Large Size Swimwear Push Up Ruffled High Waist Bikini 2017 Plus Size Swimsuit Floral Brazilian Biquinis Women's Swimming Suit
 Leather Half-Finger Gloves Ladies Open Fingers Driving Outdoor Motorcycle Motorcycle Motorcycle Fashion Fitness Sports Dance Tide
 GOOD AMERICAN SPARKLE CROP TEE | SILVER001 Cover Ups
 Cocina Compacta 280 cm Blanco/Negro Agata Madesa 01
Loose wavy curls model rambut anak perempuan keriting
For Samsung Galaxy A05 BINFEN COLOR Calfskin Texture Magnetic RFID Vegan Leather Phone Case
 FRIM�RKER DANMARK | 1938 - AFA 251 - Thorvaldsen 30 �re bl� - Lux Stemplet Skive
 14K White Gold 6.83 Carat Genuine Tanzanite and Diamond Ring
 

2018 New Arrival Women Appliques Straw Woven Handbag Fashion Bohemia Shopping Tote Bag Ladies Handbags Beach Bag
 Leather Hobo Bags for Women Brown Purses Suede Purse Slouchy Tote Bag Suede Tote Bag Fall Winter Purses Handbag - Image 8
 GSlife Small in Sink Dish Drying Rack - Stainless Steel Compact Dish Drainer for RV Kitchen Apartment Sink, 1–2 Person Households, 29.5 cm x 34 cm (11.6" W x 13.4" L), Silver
━━━━━━━━━━━━━━━━
__Work to complete__. Set down the listing above exactly, line for line.

__Reply to the exercise__.
Large Size Swimwear Push Up Ruffled High Waist Bikini 2017 Plus Size Swimsuit Floral Brazilian Biquinis Women's Swimming Suit
 Leather Half-Finger Gloves Ladies Open Fingers Driving Outdoor Motorcycle Motorcycle Motorcycle Fashion Fitness Sports Dance Tide
 GOOD AMERICAN SPARKLE CROP TEE | SILVER001 Cover Ups
 Cocina Compacta 280 cm Blanco/Negro Agata Madesa 01
Loose wavy curls model rambut anak perempuan keriting
For Samsung Galaxy A05 BINFEN COLOR Calfskin Texture Magnetic RFID Vegan Leather Phone Case
 FRIM�RKER DANMARK | 1938 - AFA 251 - Thorvaldsen 30 �re bl� - Lux Stemplet Skive
 14K White Gold 6.83 Carat Genuine Tanzanite and Diamond Ring
 

2018 New Arrival Women Appliques Straw Woven Handbag Fashion Bohemia Shopping Tote Bag Ladies Handbags Beach Bag
 Leather Hobo Bags for Women Brown Purses Suede Purse Slouchy Tote Bag Suede Tote Bag Fall Winter Purses Handbag - Image 8
 GSlife Small in Sink Dish Drying Rack - Stainless Steel Compact Dish Drainer for RV Kitchen Apartment Sink, 1–2 Person Households, 29.5 cm x 34 cm (11.6" W x 13.4" L), Silver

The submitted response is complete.